- _What you need to do_:
Exact copies of all the lines below are needed, without the pictures.
*** Given information Section Begins ***
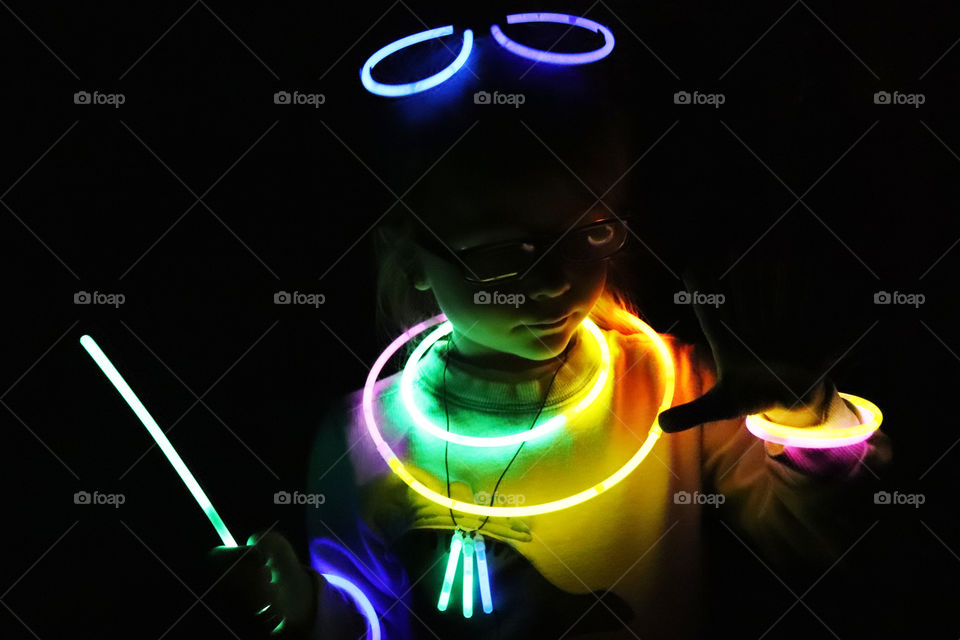 Child playing with bright colorful glowsticks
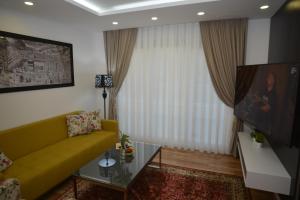 萨拉热窝Apart Hotel Family的客厅设有黄色沙发和电视
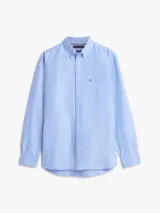 Camisa Tommy Hilfiger de corte regular en puro algodón Oxford, color celeste con sutiles rayas diplomáticas. Presenta cuello con botones, bolsillo de parche en el pecho con el logo bordado y mangas largas con puños redondeados.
*** Given information Section Ends ***
- _Answer to this task_:
 Child playing with bright colorful glowsticks
 萨拉热窝Apart Hotel Family的客厅设有黄色沙发和电视
 Camisa Tommy Hilfiger de corte regular en puro algodón Oxford, color celeste con sutiles rayas diplomáticas. Presenta cuello con botones, bolsillo de parche en el pecho con el logo bordado y mangas largas con puños redondeados.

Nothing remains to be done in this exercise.